It doesn’t happen very often that an artist from a Scandinavian country takes a shine to Pakistan and its diverse culture. But in contemporary times, cyberspace has made it easier for people to interact with those who come from a different cultural milieu.
Olafur Arnalds is a renowned Icelandic musician and composer. It is by sheer coincidence that he befriended a Pakistani through the internet and then came to Pakistan at her invitation. Below are excerpts from a conversation Icon had with the Icelandic artist.
Can you talk us through your journey to Pakistan?

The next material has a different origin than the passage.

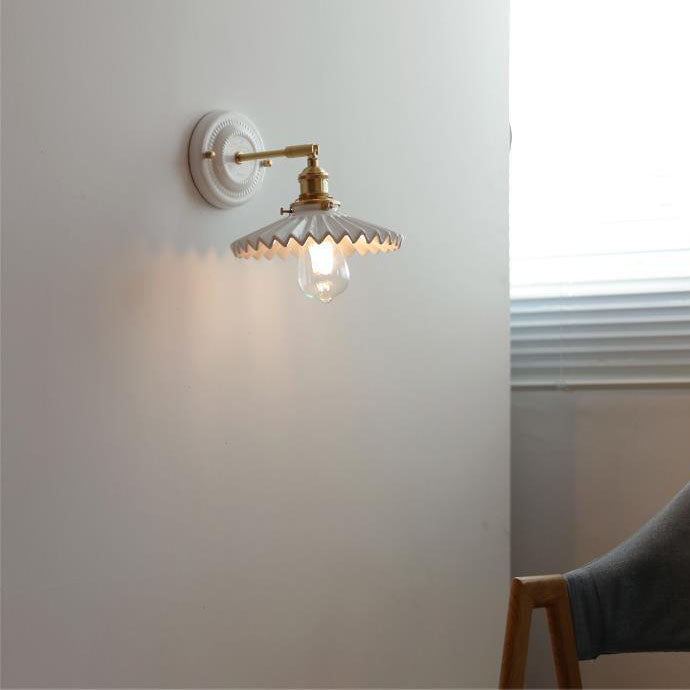 Vintage Japanese Ceramic Brass Sconce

Olafur Arnalds: The wonders of the internet! I became pen pals with a Pakistani girl in 2006 on Myspace. We became good friends and met in London when she was in school there. Afterwards, I came to Lahore to attend her wedding.
Did you have any concerns? How did your friends and family feel about going to Pakistan?

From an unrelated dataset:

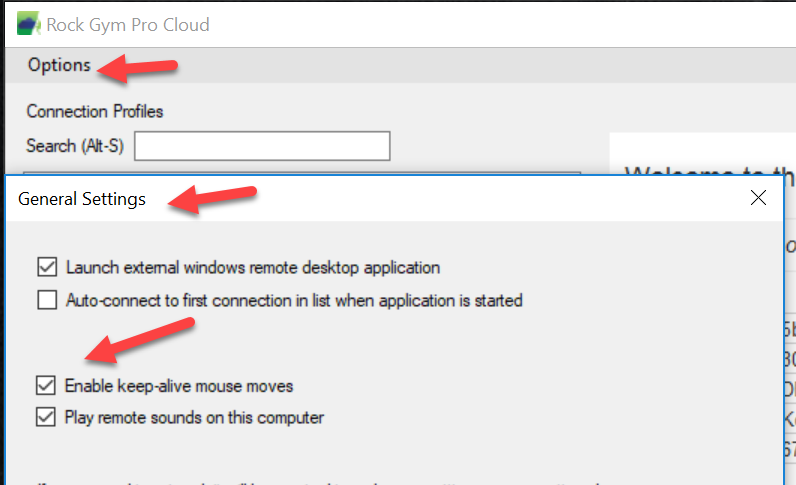 General settings menu with checkboxes.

OA: I did not. My mother was maybe a little concerned but my father wanted to come with me! Thankfully I have travelled enough around the world to realise that it is not black and white. There is a whole spectrum of people and possibilities, but the mainstream news media tends to only represent a small fraction of that.
Visiting Icelandic instrumentalist Olafur Arnalds’ thoughts on Pakistan and its diverse soundscape
What was your first impression after you arrived here? I imagine it must’ve felt a little chaotic.

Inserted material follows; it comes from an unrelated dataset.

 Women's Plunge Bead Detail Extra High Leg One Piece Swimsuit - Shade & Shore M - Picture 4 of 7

OA: It’s true it takes a little while to get used to the surroundings, but I was mostly fascinated by it. I arrived late at night but stayed awake so I could watch the sunrise over the city.
How different did you find Pakistan from Iceland?
OA: Oh, it’s very, very different. Iceland is a slow, calm place with very few people; no traffic and nobody carries guns. So, the culture shock was quite big. But that’s what makes it important to experience.
What were the places in Lahore that you liked most?
OA: We mostly did wedding activities, but I had a couple of days to explore and went to the walled city, Badshahi Mosque and Wazir Khan Mosque. I think Wazir Khan is my favourite.
What are your thoughts on Pakistani wedding music? Did you get to learn any bhangra moves? What about other kinds of local music?
OA: Our group of foreigners attending the wedding learned a dance routine that we performed at the mehndi to much amusement of the locals. But in general, I loved the music at the events, and found the Bollywood remixes of popular Western songs particularly amusing.
You’re a vegetarian and Pakistanis love their meat. The only guaranteed vegetarian food you will find in every Pakistani restaurant is French fries. Did you have any trouble with the food?
OA: There were a couple of events where I could only eat naan. But generally, there were always great vegetarian options. I liked the Pakistani spinach dish in particular.
You have mentioned somewhere that you were trolled and received a lot of hateful comments because of your visit to Pakistan. I personally can’t imagine why anyone would send you hate mail for travelling. What kind of hate mail did you get?
OA: The world is a strange place. I mean, people voted for Trump.
Do you plan to return to Pakistan?
OA: Yes. I’m already planning a trip to the north to visit the Hunza Valley.
Other than wedding music, have you had a chance to explore the diverse soundscape of Pakistani music?
OA: I did not get a chance to discover the real local music scene, unfortunately. I do know of the Sachal Jazz Ensemble in Lahore. They are great!
When I first started listening to bands from Iceland (around 15 years ago), it seemed like a place that was a little harder to get to and relatively isolated from the rest of the world. Which is also what made Icelandic music so unique — now and then, there is a certain silence in its sound, peaceful spaces and just a hint of stirring melancholy. Iceland is currently one of the top destinations in the world for tourism. How do you think that has changed the country? Has all of this exposure changed the character of its music?
OA: There is more pop music now, for sure. The world has become smaller and we have more influence from other countries, so many artists sound more ‘American’ now. I think it also has to do with the fact that people now believe they can make it in the ‘big world’, so they try to fit into the worldwide mainstream scene. Whereas in the past people were more tied to Iceland and didn’t try to be commercial and mainstream. That being said, there is still a lot of amazing music there.
In the middle of all of this tourism madness, is it easy to find peace and space to create music like before again?
OA: It’s not like the place is packed with people. It’s just more active, more busy. But with that comes also a bigger audience for what you do and a lot of new activities for the locals to do in the city. It’s still easy to go a little bit outside the city and find complete calm and quiet.
In the course of recording Island Songs, was there anything that you learned about your country that you were previously unaware of?
OA: It was most interesting for me to see how people do music for different reasons. On my travels, I met a lot of people who were simply doing music for the sake of music, almost as a community service. They would do music in order to bring their small villages together, to celebrate, to mourn. Serving a very important role in their community but not in the sense of standing on stage and playing in front of thousands of fans.
Do you have any plans of going towards the East with your musical collaborations? If yes, would you elaborate on that?
OA: No real plans, so far. But I have noticed a lot of Persian musicians making mash-ups with my music and I find that fascinating. Nothing Pakistani so far though.